Een nieuwe standaardtest op ziekte van de kransslagaderen, die binnen nu en vijf jaar door de meeste artsen zal worden gebruikt, verdubbelt de kans dat besloten wordt tot opereren − wellicht ten onrechte en met de bijbehorende risico’s.
Steeds vaker wordt de standaardinspanningsproef vervangen door computertomografie (CT-scanning). Deze maakt gebruik van een intraveneuze kleurstof, zodat de scanner een ‘kijkje in de binnenkant’ van de kransslagaderen geeft. De inspanningsproef gebruikt daarentegen een hometrainer of loopband, gevolgd door een eenvoudige controle van de hartfunctie.

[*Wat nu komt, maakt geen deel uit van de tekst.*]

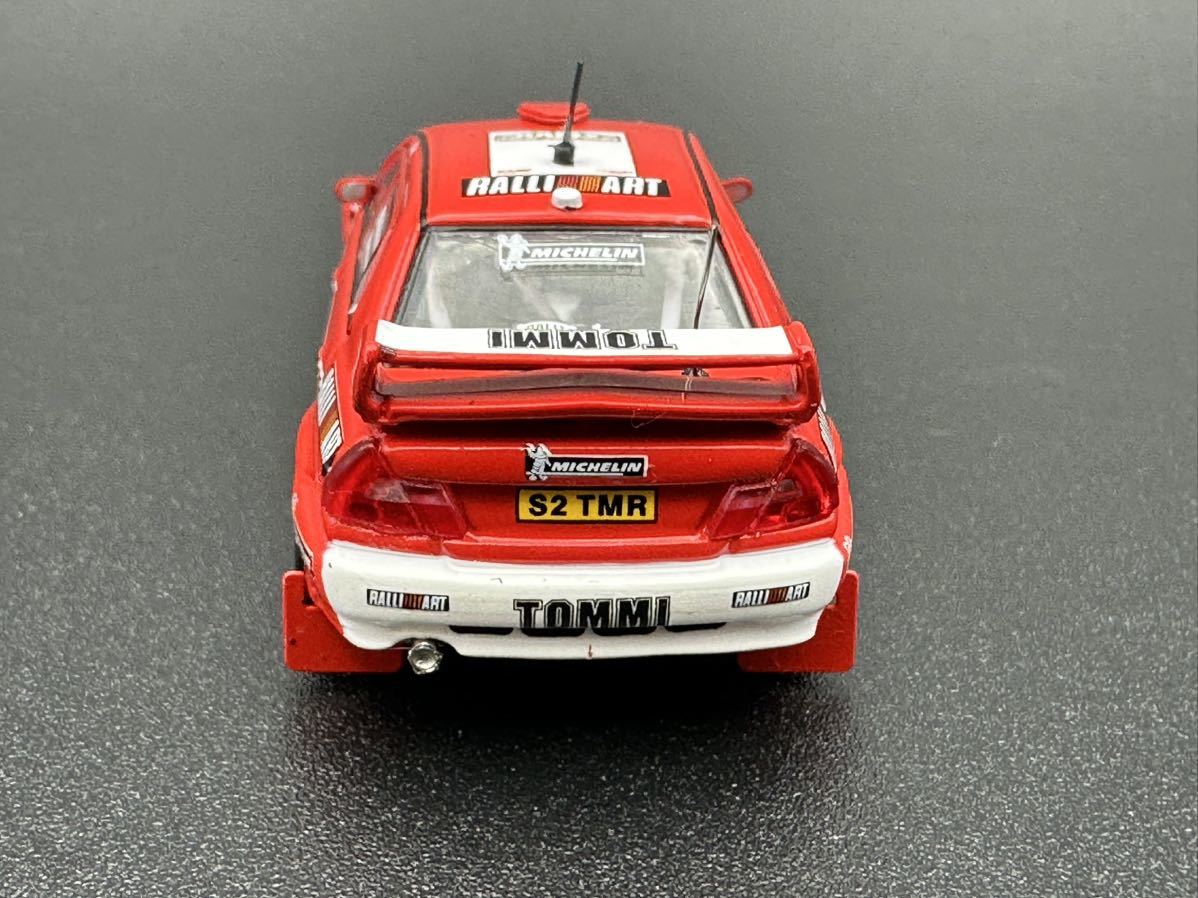 TARMAC WORKS 1/64★グループA三菱ランサーエボリューション6ニュージーランドラリー1999ウイナー#1（左ハンドル）★希少完売品★即決_画像5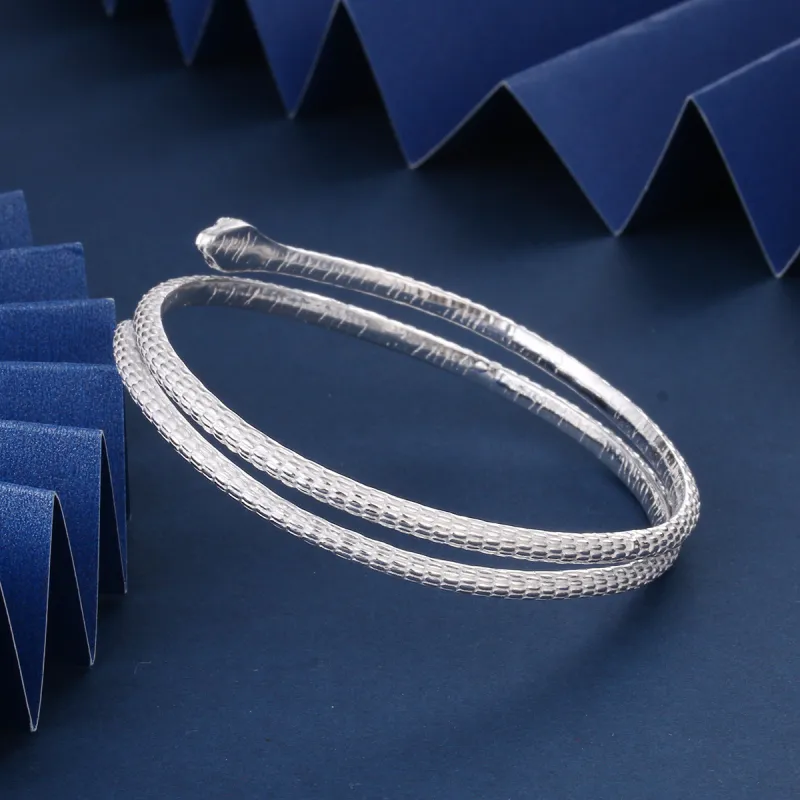 Nine Music 999 Fine Silver Bangles Unisex-3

Maar de nieuwe procedure levert ook twee maal zo vaak een andere invasieve hartingreep op − zoals een operatie − zo is ontdekt bij een onderzoek aan de Stanford University School of Medicine. Hoofdonderzoeker Mark Hlatky vraagt zich af hoe veel van die ingrepen nu echt noodzakelijk zijn. ‘Pluk een willekeurige 75-jarige van de straat voor die CT-scan en de kans is klein dat zijn kransslagaderen geheel normaal blijken’, zegt hij. Ook twijfelt hij of de patiënt wel baat heeft bij een moderne ingreep als coronaire revascularisatie. De eerste resultaten doen vermoeden dat de ingreep na een half jaar fataal kan blijken.